Pearls are so wondrous. Just by how they grow. They form in oysters, some freshwater mussels and sometimes also in snails. When a grain of sand or a piece of shell gets stuck in an oyster, the oyster will form fine layers of mother of pearl around the intruder to protect itself. This process continues for years until the shiny pearl is complete formed.
It is estimated that 1 in 15.000 wild oysters has a pearl inside. These oysters are very hard to dive for and there is a huge chance that the oyster does not have any pearl inside. The word pearl is synonym for treasure because of its rarity and the beautiful mysterious luster. Pearls suit really everybody because of the very subtle way they reflect the tone of your skin and clothes.
In the 1920ties the Mikimoto team found a procedure to cultivate pearls, which made Japan a leader in cultivating pearls to this day. Another reason to love Japan.
This last century pearls have been cultivated too. Then they are known as cultivé or cultured pearls. In this procedure the oysters are grown in nets till they are mature enough. At that stage they are operated and epithelial tissue (or even a mother of pearl core) is inserted into the tissue. We will explain more about 6 kinds of cultured pearls you will find in our jewellery collection. They all come in different sizes, shapes and colour nuances. What all pearls have in common is a classical, luxurious appearance.
Akoya pearls are the most well-known pearls. When people think of pearls they mostly mean these pearls. This pearl has a stunning pure beauty with its soft gentle colours and perfect round shape. The most common colours are ivory white, creamy white, and silver white and they have a soft yellow or pink undertone. Grey and black Akoya exist as well but are very rare. These are mainly grown in bays at sea in Japan. Akoya means ‘my child’ in Japanese. That’s why it is extra symbolic to use Akoya pearls in push presents.
South Sea Pearls
South Sea pearls are grown in big oysters in clear sea water mainly in northern Australia, Indonesia and the Philippines. These pearls come from two different oysters from the same family.
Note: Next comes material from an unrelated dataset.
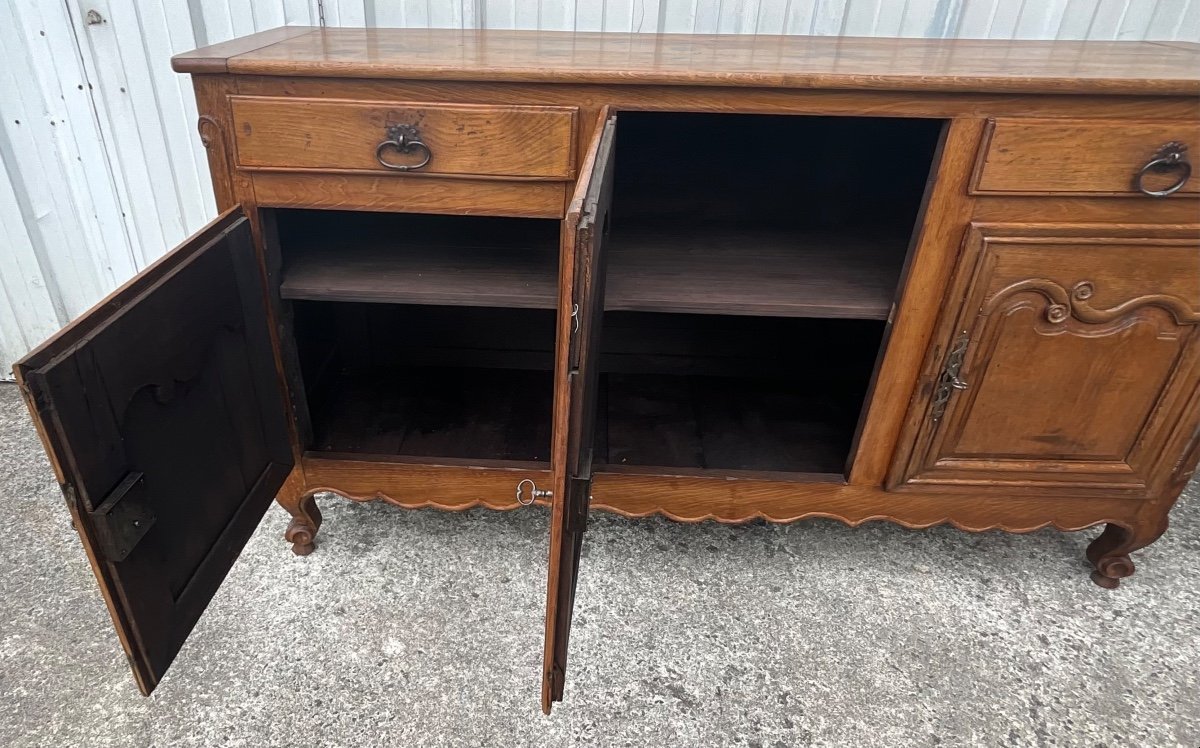 French Sideboard In Solid Blond Oak, Late 19th Century-photo-7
The ‘silver lipped’ and the ‘gold lipped’ pinctada maxima. The silver edge oyster forms white and silver grey pearls. These oysters can get very big, up to 30 cm in size. That’s why they can form really large pearls as well, up to max 20 mm. The colour of the pearls this gold lipped oyster grows runs from champagne to warm gold. This oyster is smaller in size than the silver lipped oyster and therefore produces smaller pearls as well.
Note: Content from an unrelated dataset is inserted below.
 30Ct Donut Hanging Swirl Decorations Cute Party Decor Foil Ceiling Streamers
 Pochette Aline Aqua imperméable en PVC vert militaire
The Tahitian pearl is also a South Sea pearl, but the pearls found around the island of Tahiti come from another oyster species, the pinctada margaritefera oyster. These pearls have very different colours than the other South Sea pearls. The most well-known colour is blueish black, but the pearls range from silver grey, brownish black to deep purple. The colour will be influenced by mineral salts, plankton, and the temperature of the water. It takes up to 6 years for a pearl to be considered ready to harvest.
Fresh water Pearls
Fresh water pearls are grown in mussels in lakes at different pearl farms in Japan and China. To get a mussel to produce a pearl they will be inserted with little pieces of epithelium. The mussel encapsulates the tissue which forms a little pearl sac in which the pearls will grow. The most common natural colours are white, salmon pink, lavender, purplish blue and greenish. Sometimes pearls will be coloured as well. Fresh water pearls come in many different shapes, but usually not as a perfectly round sphere.
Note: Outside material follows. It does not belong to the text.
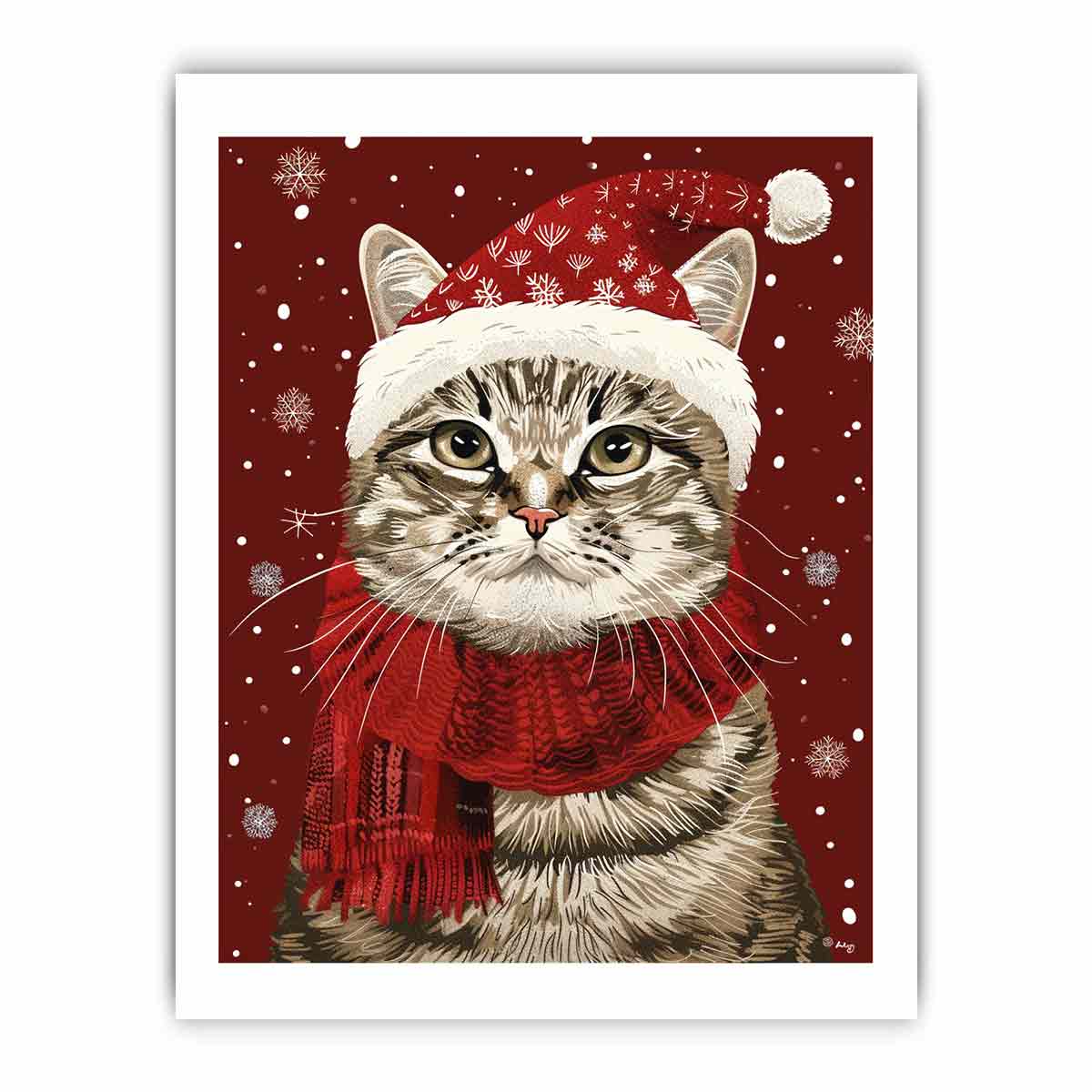 Festive Cat Canvas Art Print Poster-8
Pearl farmers always wanted fresh water pearls to get as big as South Sea pearls, but they never succeeded. Five years ago there was an invention that changed this limitation. By inserting a XL core made of mother of pearl, these pearls can get as big as the South Sea pearls. This way we got the sweet colours of the Freshwater pearls with the size of the South Sea pearls. These pearls mostly grow in a whimsical shape and are named baroque pearls.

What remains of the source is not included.